Em 1930 Bernard Shaw deixou claro que não era grande adepto da adaptação das suas obras ao cinema mudo. Quando o sonoro chegou a situação modificou-se, pois, como disse "tornou-se possível não apenas mostrar no ecrã as minhas peças mas falá-las". Não admira assim que, depois de uma primeira versão da sua peça "Pigmalião", produzida na Holanda em 1921, na década de 30 a mesma tenha conhecido três versões. Em 1935 do cineasta alemão Erich Engel, com o célebre Gustav Gruendgens como professor Higgins e no ano seguinte na Holanda, outro germânico, Ludwig Berger, filma a sua versão, assinalada como importante por Sadoul na sua discutida "História do Cinema".

Porém a mais célebre adaptação da década foi a produzida pelo húngaro Gabriel Pascal no ano de 1938. Com a intervenção de Bernard Shaw no "script", com cenas e diálogos adicionais, o filme teve uma dupla realização de Anthony Asquith e Leslie Howard que acumulou com a interpretação, exemplar, do professor Higgins. Com esta obra Asquith sai do anonimato e atinge a glória. Mas além dos citados convém não esquecer que na fotografia estava Harry Stradling, que 21 anos depois repete com "My Fair Lady", a música é de Arthur Honneger e a montagem de David Lean. Uma ficha técnica de peso, a que se deve acrescentar Dame Wendy Hiller, no papel de Elisa Doolittle, uma actriz que preferiu o teatro ao cinema.

Este "Pigmalião" é visto como "um perfeito modelo de adaptação cinematográfica, quer pela fidelidade ao texto original, quer pelo aproveitamento na montagem apriorística dos melhores efeitos literários e dramáticos da obra de Shaw. É verdade que não passava de teatro filmado, mas revelava tanta garra na condução de actores que se teve a impressão que o cinema inglês chegava à maturidade" (Breve História do Cinema). O filme, cujo êxito no Festival de Veneza foi enorme, é a obra mestra de Asquit e, no dizer de Sadoul, abriu caminho às futuras adaptações de obras de Shakespeare por Laurence Olivier.

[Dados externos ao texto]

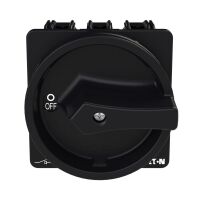 Hauptschalter P3-80/EA/SVB-SW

As comemorações do centenário do Nascimento de Bernard Shaw foram motivo para que Jay Larner e Frederick Loewe realizarem uma das mais memoráveis comédias musicais: "My Fair Lady", adaptação de "Pigmalião", em palco no Mark Hellinger Thether, oito vezes por semana entre 1956 e 1962.

Em 1964 a Warner Brothers levaria a efeito o filme baseado nesta opereta graciosa sobre um professor de fonética que transforma uma florista comum, que se expressa no calão londrino (cockney), numa delicada e bem falante dama da alta sociedade. Mantendo Rex Harrison (o admirável Higgins no palco), mas preterindo a então descoberta Julie Andrews por Audrey Hepburn, no auge da sua carreira, para uma frágil Elisa Doolittle. Warner fez uma escolha acertada. Hepburn foi brilhante, mas dobrada nas canções por Mari Nixo, uma vez que não sabia cantar. Os figurinos de Cecil Benton, de supremo efeito em palco foram recriados e acrescidos, o que, aliado a uma sensível coreografia e à música de Loewe, agradável ao ouvido e dirigida no filme por André Previn, transformaram este sucesso de Shaw num êxito permanente, graças à hábil batuta do veterano cineasta George Cukor, para quem o teatro e o cinema não tinham segredos e que orientou com notável bom gosto este grande espectáculo.

A peça de Shaw conheceu entretanto outras adaptações para cinema e televisão, de que destacamos a produção brasileira realizada em 1970 por Régis Cardoso, haverá quem se lembre da sua telenovela "O Bem Amado", "Pigmalião 70", transportando-a então para o ambiente do Brasil.

Em Portugal o teatro não ficou indiferente a Bernard Shaw nem ao seu "Pigmalião". Nos idos anos 40 a peça foi representada no Teatro da Trindade pelos Comediantes de Lisboa, contando no elenco com a "nossa" Maria Lalande, Assis Pacheco, António Silva e João Villaret, entre outros.

Em cena no Politeama esteve a produção de Filipe La Féria "Minha Linda Senhora", uma versão portuguesa de "My Fair Lady", de Lerner/Loewe. Um assinalável êxito, que conta com as interpretações de Anabela, Carlos Quintas, Lurdes Norberto e Miguel Dias, para referir apenas estes. Uma produção que, tal como a original, vale pelos belíssimos e inesquecíveis temas musicais.

De "Pigmaliões" sabe o cinema. De muitos. A começar por Cukor e Katherine Hepburn. Não casou com ela, sabe-se. Mas fez dela uma soberba actriz. Basta lembrar que debaixo da sua direção a actriz participou em oito filmes. E, para acabar, que seria de Marlene Dietrich sem o seu "Pigmalião", Joseph Von Stenberg?